New accounting standards not yet adopted

Revenue Recognition.  In May 2014, the FASB issued ASU No. 2014-09 (Topic 606), Revenue from Contracts with Customers, which is a comprehensive new revenue recognition standard that will supersede virtually all existing revenue guidance, including industry-specific guidance.  Under the new standard, revenue will be recognized when control of the promised goods or services is transferred to customers in an amount that reflects the consideration to which the company expects to be entitled in exchange for those goods and services.  The standard creates a five-step model that will generally require companies to use more judgment and make more estimates than under current guidance when considering the terms of contracts along with all relevant facts and circumstances.  These include the identification of customer contracts and separating performance obligations, the determination of transaction price that potentially includes an estimate of variable consideration, allocating the transaction price to each separate performance obligation, and recognizing revenue in line with the pattern of transfer.
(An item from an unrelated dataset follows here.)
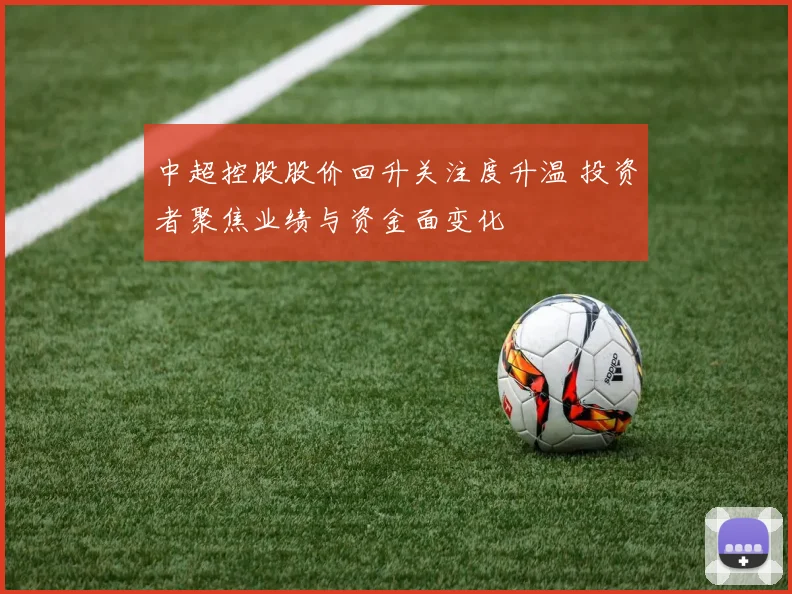 中超控股股价回升关注度升温 投资者聚焦业绩与资金面变化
In August 2015, the FASB issued ASU No. 2015-14, Revenue from Contracts with Customers (Topic 606): Deferral of the Effective Date, which defers the effective date of ASU 2014-09 by one year to now be effective for fiscal years, and interim reporting periods within those years, beginning after December 15, 2017.  Early adoption of the standard is permitted but not before the original effective date of December 15, 2016.  The ASU may be adopted using a full retrospective approach or reporting the cumulative effect as of the date of adoption.  We are currently evaluating the impact of adopting this guidance.
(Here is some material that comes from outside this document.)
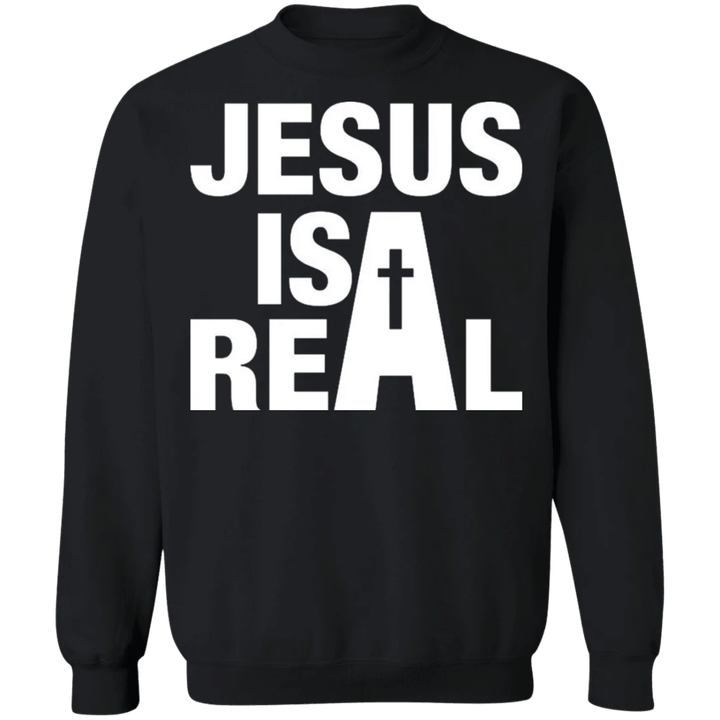 Jesus Is Real Sweatshirt Christian Merch Jesus Christ Clothing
Inventory.  In July 2015, the FASB issued ASU No. 2015-11, Inventory: Simplifying the Measurement of Inventory.  ASU 2015-11 changes the criteria for measuring inventory within the scope of the ASU.  Inventory will now be measured at the lower of cost and net realizable value, while the concept of market value will be eliminated.  The ASU defines net realizable value as the estimated selling process in the ordinary course of business, less reasonably predictable costs of completion, disposal and transportation.  ASU 2015-11 is effective for fiscal years beginning after December 15, 2016, and interim periods within those fiscal years, with earlier adoption permitted.  The prospective adoption of the ASU is required.  We are currently evaluating the impact of adopting this guidance.

Deferred Taxes.  In November 2015, the FASB issued ASU No. 2015-17, Income Taxes (Topic 740): Balance Sheet Classification of Deferred Taxes, which eliminates the requirement to present deferred tax liabilities and assets as current and non-current in a classified balance sheet.  Instead, all deferred tax assets and liabilities will be required to be presented as non-current.  The ASU is effective for fiscal years beginning after December 15, 2016, and interim periods within those fiscal years.  The amendments in this guidance may be applied prospectively to all deferred tax liabilities and assets or retrospectively to all periods presented with earlier application permitted for financial statements that have not been issued.  This ASU is not expected to have a material impact on our financial statements.

Leases.  In February 2016, the FASB issued ASU No. 2016-02, Leases (Topic 842).  The amended guidance is intended to increase transparency and comparability among organizations by recognizing lease assets and lease liabilities on the balance sheet and disclosing key information about leasing arrangements.  The adoption of this guidance is expected to result in a significant portion of our operating leases being recognized on our Balance Sheets.  The guidance requires lessees and lessors to recognize and measure leases at the beginning of the earliest period presented using a modified retrospective approach.  ASU 2016-02 is effective for fiscal years beginning after December 15, 2018 and interim periods within those fiscal years with earlier adoption permitted.  We are currently evaluating the impact of adopting this guidance.